Hi everyone, can anyone shed any light on what type of tree this is? Sorry the picture isn't great!


----------



## TomiboyC (Apr 16, 2008)

Possibly silver birch looking at the bark


Sent from my iPhone using Tapatalk


----------



## tightlines (Jul 16, 2011)

a wooden one :lol::lol::thumb:


----------



## nbray67 (Mar 22, 2012)

Silverbirch I reckon as per Tomiboy.


----------



## BlueMikey (Jan 23, 2010)

Thanks


----------



## Devilman (Oct 9, 2016)

Silver birch. The catkins get everywhere in the summer. 
Dm


----------



## BlueMikey (Jan 23, 2010)

Devilman said:


> Silver birch. The catkins get everywhere in the summer.
> Dm


Indeed they do! Time for it to meet the saw I reckon.


----------



## streaky (Dec 2, 2006)

You might just want to check with your council first, before going gunho with the chainsaw.


----------



## ncd (Dec 12, 2005)

streaky said:


> You might just want to check with your council first, before going gunho with the chainsaw.


Exactly, there is a tree over the back of my house and we know the owner. She wanted to get it cut down as it makes such a mess with what it drops (including mine and all the surrounding houses). Upon speaking to the council they told she couldn't get it cut down as it's a 'protected' tree.

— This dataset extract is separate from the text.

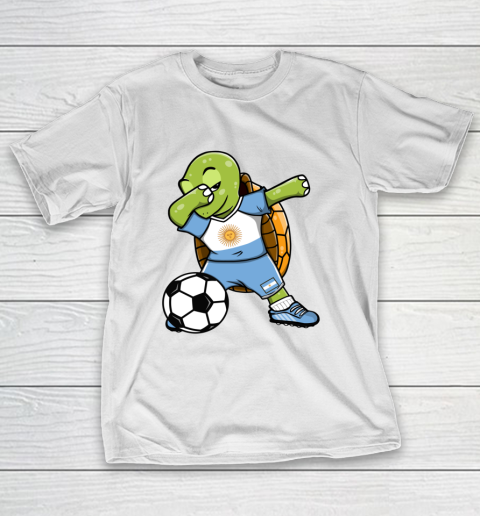 Dabbing Turtle Argentina Soccer Fans Jersey Flag Football T-Shirt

Sent from my SM-G920F using Tapatalk


----------



## Devilman (Oct 9, 2016)

Better to seek forgiveness, than ask permission. 
Couple of hours, early morning no one would be any the wiser.
Dm


----------



## Taxboy (Aug 23, 2006)

Devilman said:


> Better to seek forgiveness, than ask permission.
> Couple of hours, early morning no one would be any the wiser.
> Dm


Forgiveness can be expensive if it's subject to a tree preservation order fine of up to £20,000 enough for you if tried in the magistrates or unlimited if it goes to Crown Court.


----------



## nick_mcuk (Jan 4, 2008)

A silver birch tree wont be under any preservation orders....


----------



## wee man (Sep 29, 2016)

Any tree can have a TPO and they are difficult to have rescinded we have Scots pine, lodge pole pine and larch growing tight against our fence and cannot get them cut down due to the TPO.

Wee Man


----------



## nick_mcuk (Jan 4, 2008)

wee man said:


> Any tree can have a TPO and they are difficult to have rescinded we have Scots pine, lodge pole pine and larch growing tight against our fence and cannot get them cut down due to the TPO.
> 
> Wee Man


I would be accidentally pouring liquid weed killer down so they die off gradually


----------



## Devilman (Oct 9, 2016)

Surprised at Silver birch has a tpo. They seem to thrive anywhere and grow vigorously 
Dm


----------



## goat (May 8, 2015)

http://naturenet.net/trees/tpo.htm

Some good info on tpo' s in this link.


----------



## apcv41 (Aug 5, 2006)

If ash die back hasn't got it yet, nothing to stop you helping it along...


----------



## wee man (Sep 29, 2016)

Copper nails driven in then the head punched below the bark

Wee Man


----------